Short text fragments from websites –
:::

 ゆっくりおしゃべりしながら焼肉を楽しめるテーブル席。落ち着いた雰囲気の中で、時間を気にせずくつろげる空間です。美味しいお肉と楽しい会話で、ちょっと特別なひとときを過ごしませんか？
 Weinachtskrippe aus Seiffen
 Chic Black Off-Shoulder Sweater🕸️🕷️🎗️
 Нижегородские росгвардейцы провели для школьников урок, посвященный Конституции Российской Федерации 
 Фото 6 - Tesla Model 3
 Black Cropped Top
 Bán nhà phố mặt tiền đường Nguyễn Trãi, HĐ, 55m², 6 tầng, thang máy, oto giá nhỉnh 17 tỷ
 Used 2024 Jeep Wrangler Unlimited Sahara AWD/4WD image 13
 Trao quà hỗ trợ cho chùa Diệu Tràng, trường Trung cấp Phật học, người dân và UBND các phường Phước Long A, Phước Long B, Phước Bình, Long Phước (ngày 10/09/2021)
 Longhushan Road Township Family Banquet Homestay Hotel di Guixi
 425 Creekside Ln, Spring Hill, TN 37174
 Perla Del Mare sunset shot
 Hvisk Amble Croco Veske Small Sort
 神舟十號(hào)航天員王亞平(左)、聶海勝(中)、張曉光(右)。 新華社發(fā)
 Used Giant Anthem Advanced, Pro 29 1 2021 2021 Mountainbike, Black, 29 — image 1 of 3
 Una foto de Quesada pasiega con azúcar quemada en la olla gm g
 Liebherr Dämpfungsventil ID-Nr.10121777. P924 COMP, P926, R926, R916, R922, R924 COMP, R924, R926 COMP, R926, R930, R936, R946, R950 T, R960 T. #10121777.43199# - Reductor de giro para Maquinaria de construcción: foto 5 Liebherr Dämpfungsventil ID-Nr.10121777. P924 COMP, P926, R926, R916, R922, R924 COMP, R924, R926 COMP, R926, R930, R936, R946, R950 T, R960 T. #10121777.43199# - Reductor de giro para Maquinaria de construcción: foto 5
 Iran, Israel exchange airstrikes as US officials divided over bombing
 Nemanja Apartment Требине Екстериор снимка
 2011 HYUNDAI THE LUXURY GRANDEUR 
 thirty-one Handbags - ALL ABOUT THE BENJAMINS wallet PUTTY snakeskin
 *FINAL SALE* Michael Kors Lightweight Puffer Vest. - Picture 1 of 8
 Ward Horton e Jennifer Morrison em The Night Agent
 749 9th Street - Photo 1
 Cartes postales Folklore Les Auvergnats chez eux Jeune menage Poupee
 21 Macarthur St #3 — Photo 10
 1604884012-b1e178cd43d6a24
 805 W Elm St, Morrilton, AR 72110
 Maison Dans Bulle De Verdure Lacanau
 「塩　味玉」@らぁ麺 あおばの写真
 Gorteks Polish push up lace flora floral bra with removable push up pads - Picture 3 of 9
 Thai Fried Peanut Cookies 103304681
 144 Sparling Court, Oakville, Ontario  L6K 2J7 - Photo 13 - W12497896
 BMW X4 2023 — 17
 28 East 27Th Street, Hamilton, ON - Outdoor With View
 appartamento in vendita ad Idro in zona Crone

:::

Directions for this task – An exact repetition of the data above is all that is needed.

Exercise response –
 ゆっくりおしゃべりしながら焼肉を楽しめるテーブル席。落ち着いた雰囲気の中で、時間を気にせずくつろげる空間です。美味しいお肉と楽しい会話で、ちょっと特別なひとときを過ごしませんか？
 Weinachtskrippe aus Seiffen
 Chic Black Off-Shoulder Sweater🕸️🕷️🎗️
 Нижегородские росгвардейцы провели для школьников урок, посвященный Конституции Российской Федерации 
 Фото 6 - Tesla Model 3
 Black Cropped Top
 Bán nhà phố mặt tiền đường Nguyễn Trãi, HĐ, 55m², 6 tầng, thang máy, oto giá nhỉnh 17 tỷ
 Used 2024 Jeep Wrangler Unlimited Sahara AWD/4WD image 13
 Trao quà hỗ trợ cho chùa Diệu Tràng, trường Trung cấp Phật học, người dân và UBND các phường Phước Long A, Phước Long B, Phước Bình, Long Phước (ngày 10/09/2021)
 Longhushan Road Township Family Banquet Homestay Hotel di Guixi
 425 Creekside Ln, Spring Hill, TN 37174
 Perla Del Mare sunset shot
 Hvisk Amble Croco Veske Small Sort
 神舟十號(hào)航天員王亞平(左)、聶海勝(中)、張曉光(右)。 新華社發(fā)
 Used Giant Anthem Advanced, Pro 29 1 2021 2021 Mountainbike, Black, 29 — image 1 of 3
 Una foto de Quesada pasiega con azúcar quemada en la olla gm g
 Liebherr Dämpfungsventil ID-Nr.10121777. P924 COMP, P926, R926, R916, R922, R924 COMP, R924, R926 COMP, R926, R930, R936, R946, R950 T, R960 T. #10121777.43199# - Reductor de giro para Maquinaria de construcción: foto 5 Liebherr Dämpfungsventil ID-Nr.10121777. P924 COMP, P926, R926, R916, R922, R924 COMP, R924, R926 COMP, R926, R930, R936, R946, R950 T, R960 T. #10121777.43199# - Reductor de giro para Maquinaria de construcción: foto 5
 Iran, Israel exchange airstrikes as US officials divided over bombing
 Nemanja Apartment Требине Екстериор снимка
 2011 HYUNDAI THE LUXURY GRANDEUR 
 thirty-one Handbags - ALL ABOUT THE BENJAMINS wallet PUTTY snakeskin
 *FINAL SALE* Michael Kors Lightweight Puffer Vest. - Picture 1 of 8
 Ward Horton e Jennifer Morrison em The Night Agent
 749 9th Street - Photo 1
 Cartes postales Folklore Les Auvergnats chez eux Jeune menage Poupee
 21 Macarthur St #3 — Photo 10
 1604884012-b1e178cd43d6a24
 805 W Elm St, Morrilton, AR 72110
 Maison Dans Bulle De Verdure Lacanau
 「塩　味玉」@らぁ麺 あおばの写真
 Gorteks Polish push up lace flora floral bra with removable push up pads - Picture 3 of 9
 Thai Fried Peanut Cookies 103304681
 144 Sparling Court, Oakville, Ontario  L6K 2J7 - Photo 13 - W12497896
 BMW X4 2023 — 17
 28 East 27Th Street, Hamilton, ON - Outdoor With View
 appartamento in vendita ad Idro in zona Crone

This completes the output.